In the case of Ukraine, Rosenbaum says, “almost contrary to logic, time is our friend. No government lasts forever. One day, as happened in Germany, a new [Russian] government may be empowered that is responsible and appreciates the importance of seeking justice in these cases. And we could gain access to evidence in Russia.”
Over time, too, perpetrators could end up immigrating to the United States, just as many Nazis managed to do. Even if prosecuting them specifically for war crimes isn’t feasible, Rosenbaum says, “we have a lot of experience in using other tools,” such as proving immigration or naturalization fraud. “Participants in the perpetration of these ghastly crimes need to know that they will more or less be stuck in Russia for the rest of their lives because they can never be confident that any other country is going to be safe.”
Since the Russian invasion, allegations of Russian military atrocities against Ukrainian civilians in places such as Bucha and Mariupol have dominated the news. But Rosenbaum says he would not shrink from cases involving Ukrainian perpetrators if evidence pointed in that direction. “I’ve worked with Russians before,” he says. “It’s a strange world.”

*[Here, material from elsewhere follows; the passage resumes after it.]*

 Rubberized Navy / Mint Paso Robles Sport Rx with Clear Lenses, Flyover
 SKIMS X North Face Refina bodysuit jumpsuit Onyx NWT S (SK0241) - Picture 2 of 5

Along with their legal savvy, Rosenbaum says, he and his colleagues “also have a certain fearlessness. The word ‘impossible’ doesn’t scare us too much. We’re impatient in that we want to pursue justice as expeditiously as can be done. But if patience is required, we have that.
“I couldn’t think of anything that I would rather do than this,” Rosenbaum concludes. Then he signs off for a Zoom meeting with Ukrainian prosecutors in Kyiv.